Зорин. Рады не рады, а принимайте: от литературного фонда с благодарностью за пожертвование, – низкий поклон до земли. (Тяжело кланяется.)

Рославлева (смущенно). Не конфузьте… Я растерялась совсем. Садитесь.

Все садятся.

Зорин. Не теряйтесь, пожалуйста: ручаюсь вам, со мной это скоро пройдет… Жена говорит мне: «Ах, Саша, ты какой ужасный! К тебе приходят студенты, курсистки – никогда писателя в глаза не видали, – смотрят, как на бога, а ты, вместо того чтобы поддержать, пойдешь и пойдешь: „Да вы знаете, кто я?“ Все развенчать, никаких иллюзий, такой ужасный реализм!» Да, иллюзий никаких! В молодости, в самую патетическую минуту, когда, кажется, весь мир забыл, я в эту-то минуту и подлец, – точно черт мне из-за чужой спины пальцем тычет: и морщинка под глазом, и складка не так, и шейка грязная…
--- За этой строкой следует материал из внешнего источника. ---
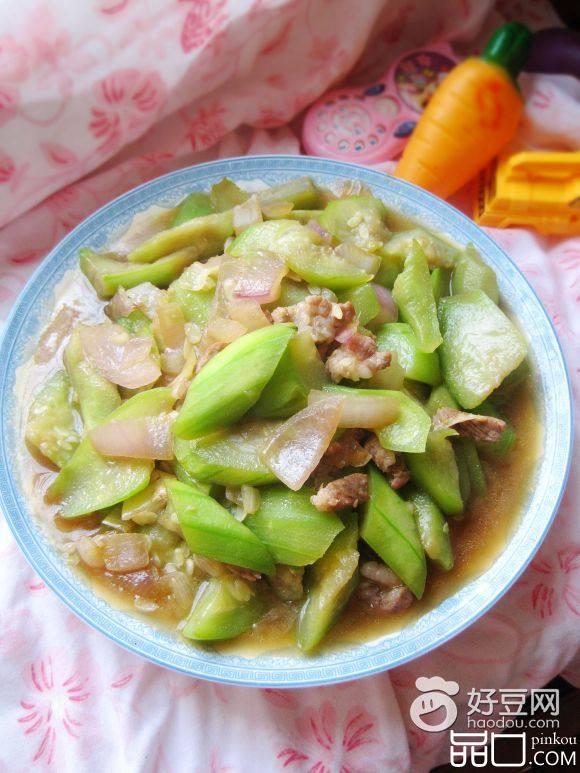 丝瓜炒洋葱碎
Рославлева. Александр Сергеевич Зорин (добродушно). Вот вам и Александр Сергеевич… Я ведь циник… Можно курить?

Рославлева. Пожалуйста. (Тихо Босницкому, пока Зорин достает портсигар и закуривает.) Совсем ушел?

Босницкий (так же тихо, с гримасой). Шапка здесь.

Рославлева возмущенно пожимает плечами.

Зорин (Рославлевой). Ну что же, понравились вам на юбилее наши писатели?

Рославлева. Ужасно!

Зорин. Но больше всех Беклемишев?

Рославлева. Я страшно люблю его сочинения.

Зорин (добродушно). Что-нибудь читали?

Рославлева. Я читала две его вещи. Кажется, больше и нет?

Зорин. Больше и нет.

Рославлева. Он хорошо пишет.

Зорин. Хорошо… Как что…

Рославлева. Александр Сергеевич, то, что вы пишете, с натуры или фантазия?

Зорин. И если с натуры, то кто именно, а если фантазия, то как было в натуре? (Босницкому.) Это ведь особенная женская логика: Беклемишев писатель – это что, а вот интересно, как он пишет, кого именно пишет.

Рославлева, Ох, опишет меня, Александр Сергеевич.

Зорин. Вы, женщины, ведь любите, чтобы вас описывали… Иная на все пойдет: до печати – миленький, голубчик, сделайте надпись, а потом и не кланяется.

Рославлева (лукаво). А Владислав Игнатьевич что пишет?

Зорин (иронически). Он слишком умен, чтобы писать.

Босницкий. Умнее Шекспира не напишу, а глупее… не стоит… Творчество ео ipso уже глупая сила, – с созданным вместе рождается и то, что его разрушит… То, что сегодня ново, хорошо и умно, завтра уже станет старо, никуда не годно и глупо… а всё вместе – жизнь – одна большая, всегда несостоятельная глупость. Есть нечто более тонкое: угадать, понять это глупое… А впрочем, и это ниже достоинства, потому что вас не поймут… Что до меня, я давно уже уложил свой багаж и сижу на нем в ожидании черт его знает где запоздавшего поеада… Здесь времени хватит выпить, закусить… легкий флирт устроить и уступить его другому без гнева и сожаления… Вы скажете – провинциальный шалопай?